**Data section**
== Segment start ==

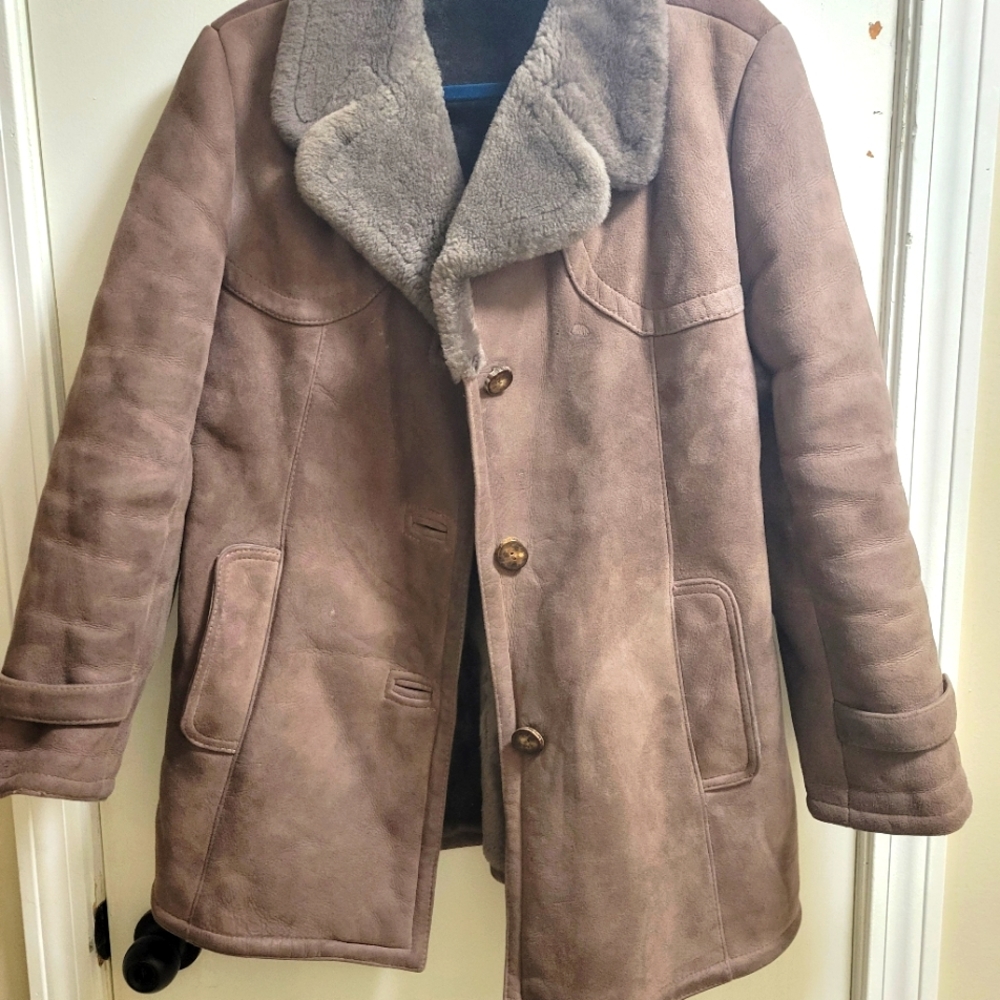 Genuine shearling womens 16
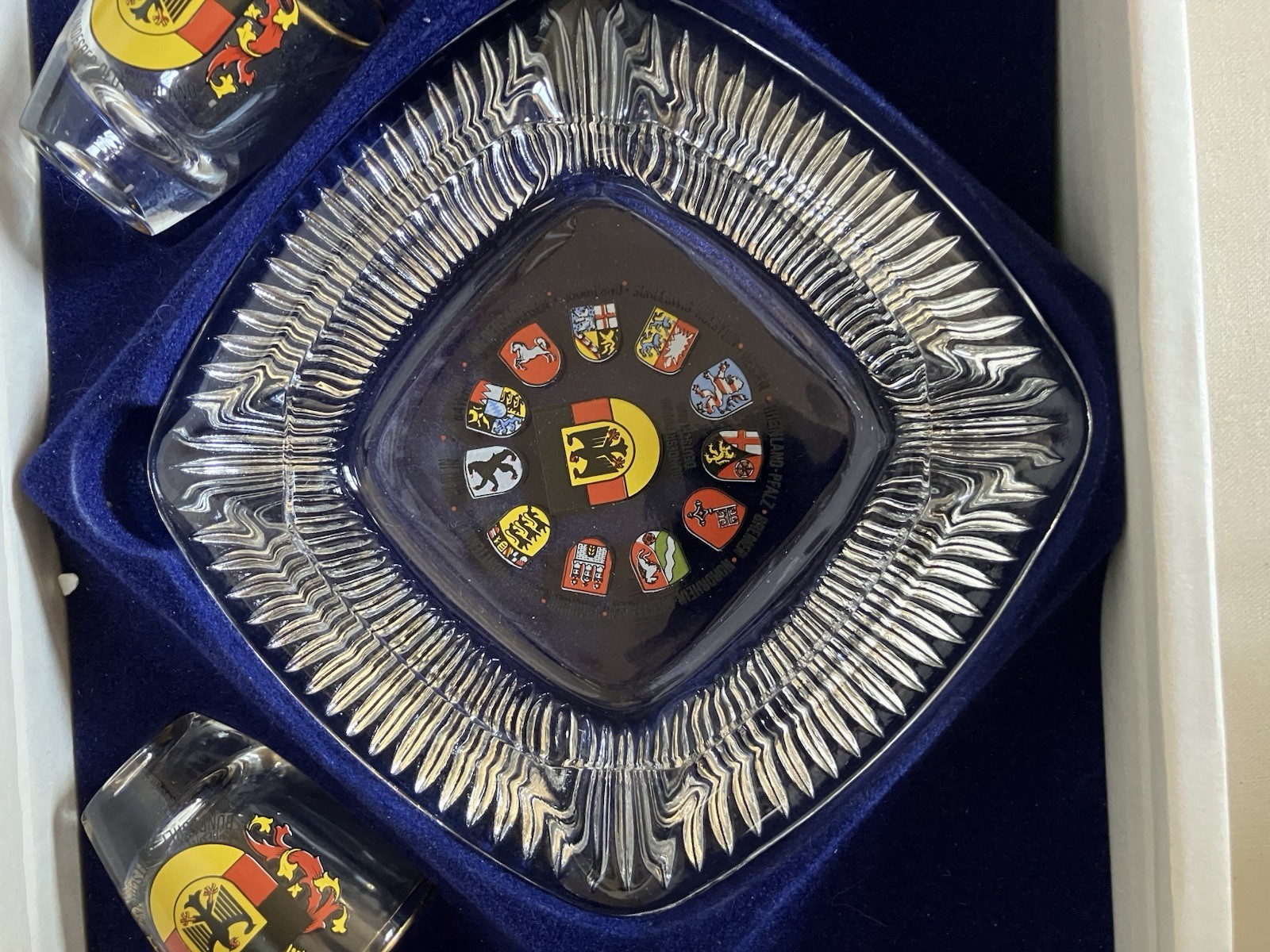 Pan Am Memorabilia Germany Souvenir Barware Gift Set NIB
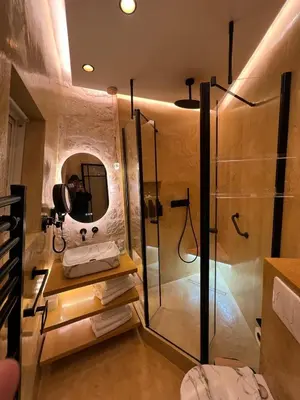 Salle de bains dans l'établissement Appartement haut standing 3 pieces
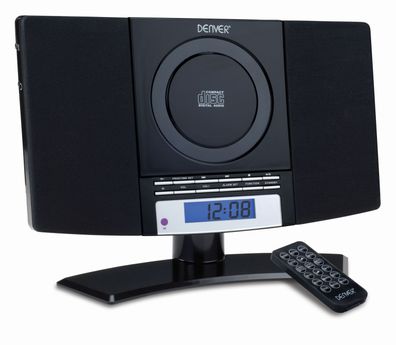 Denver Design Stereoanlage CD-Player Radio AUX MC-5220 BLACK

== Segment end ==

**Exercise**
Restate the data above word for word. Skip every picture.

**Your solution**
 Genuine shearling womens 16
 Pan Am Memorabilia Germany Souvenir Barware Gift Set NIB
 Salle de bains dans l'établissement Appartement haut standing 3 pieces
 Denver Design Stereoanlage CD-Player Radio AUX MC-5220 BLACK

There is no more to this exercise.